• **Task directions**: Exactly as written, retype the lines that run from the line holding "7b0948 NAVY WIFE" through the end of the records below. Do not include pictures.

*** Input data ***

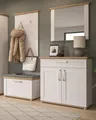 Inn.Furn Garderoben-Set Mirano, (in weiß Lerche mit Eiche Artisan, 4-St., 190 x 196 cm), Landhaus-Stil
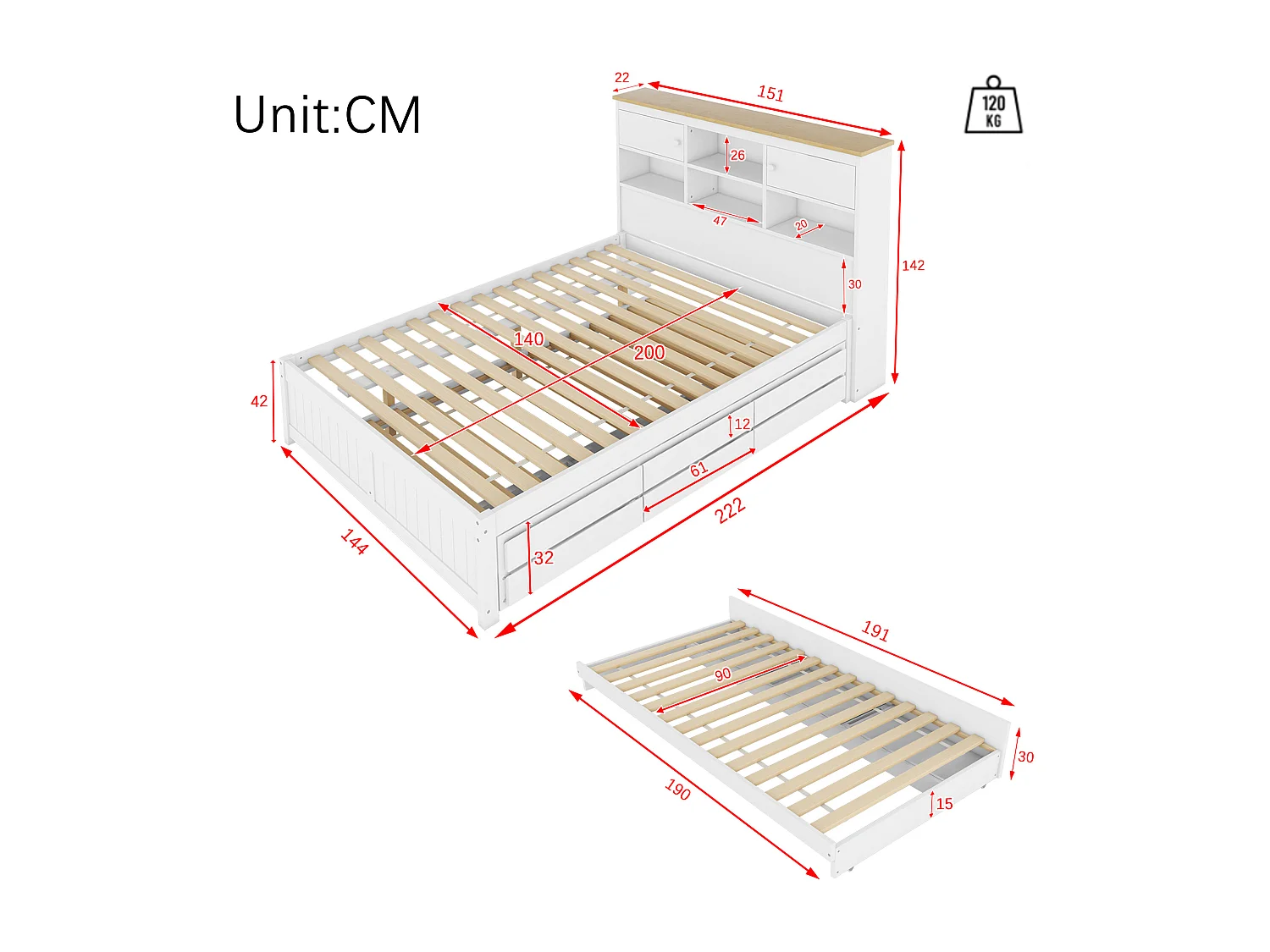 Letto estraibile 140x200cm+90x190cm, con 3 cassetti, con rete a doghe e testiera con diversi vani contenitore, bianco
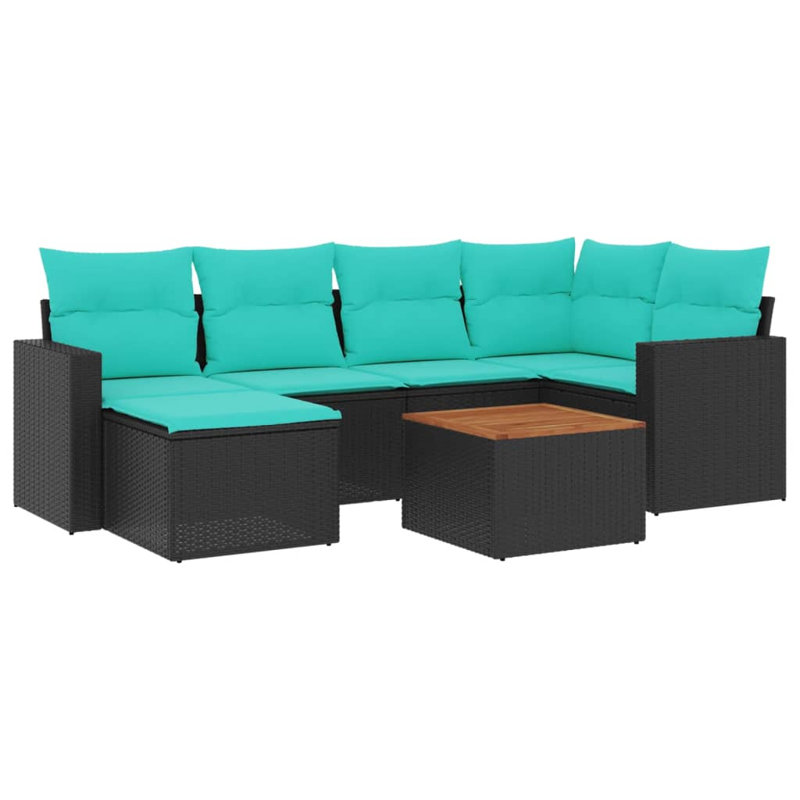 7 Piece Patio Sofa Set With Cushions Black Poly Rattan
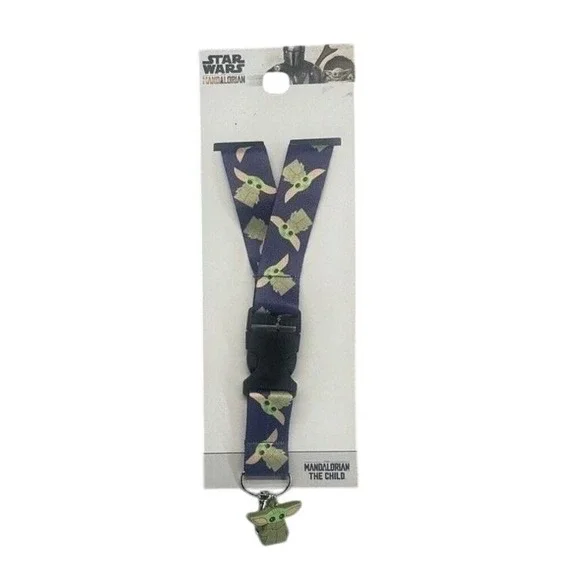NEW Star‎ Wars Disney Mandalorian Key Chain with Grogu Detachable Clip Lanyard!
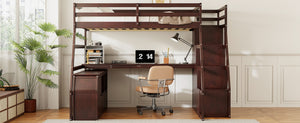English Elm Full Size Kids Loft Bed with Integrated Desk Seven Drawers and Open Shelving Espresso LT000649AAP-1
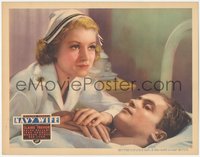 7b0948 NAVY WIFE LC 1935 c/u of nurse Claire Travor tending to Ben Lyon in hospital bed, ultra rare!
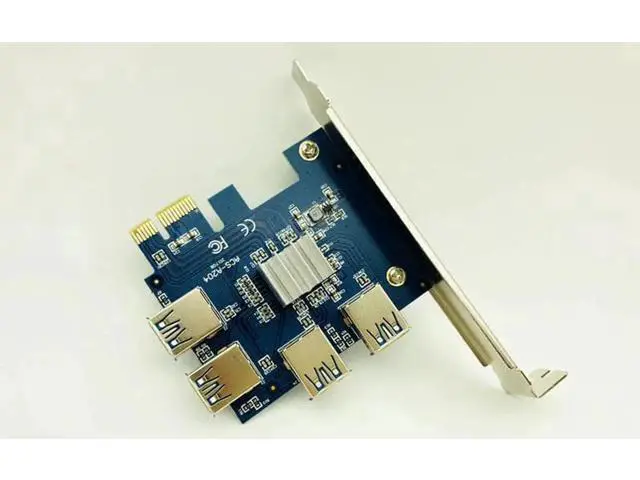 Alt view image 3 of 5 - Riser Card PCIE 1 to 4 Multiplier Hub Adapter PCI Express 1x to 16x Slot 4 USB 3.0 Riser For Bitcoin BTC Miner Mining Device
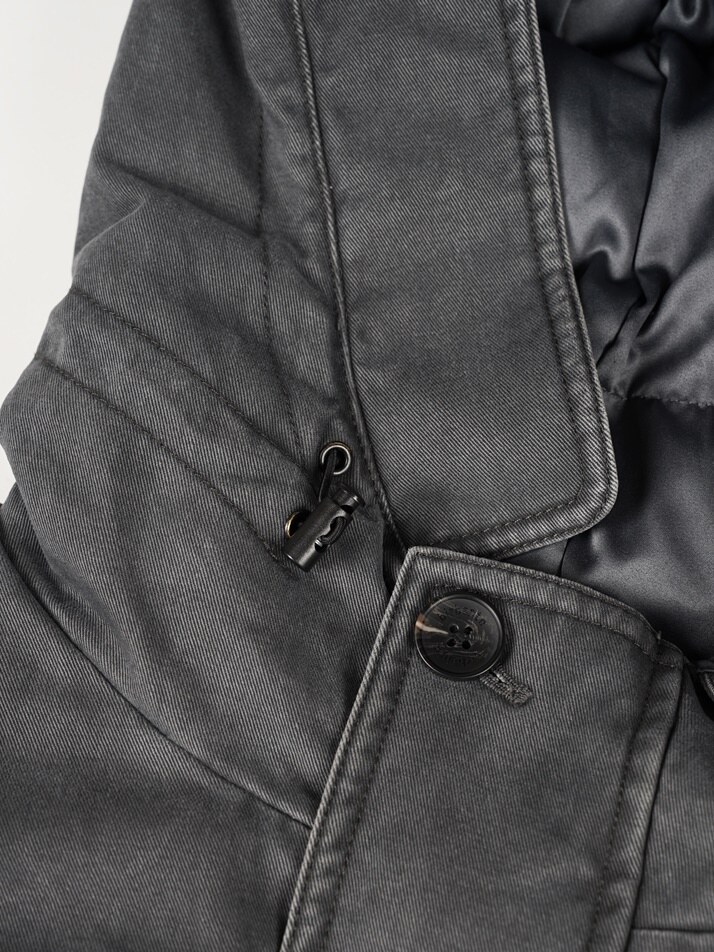 [birbante] 가먼트워싱 덕다운 패딩 - 다크 그레이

***

• **Solution to the problem**:
 7b0948 NAVY WIFE LC 1935 c/u of nurse Claire Travor tending to Ben Lyon in hospital bed, ultra rare!
 Alt view image 3 of 5 - Riser Card PCIE 1 to 4 Multiplier Hub Adapter PCI Express 1x to 16x Slot 4 USB 3.0 Riser For Bitcoin BTC Miner Mining Device
 [birbante] 가먼트워싱 덕다운 패딩 - 다크 그레이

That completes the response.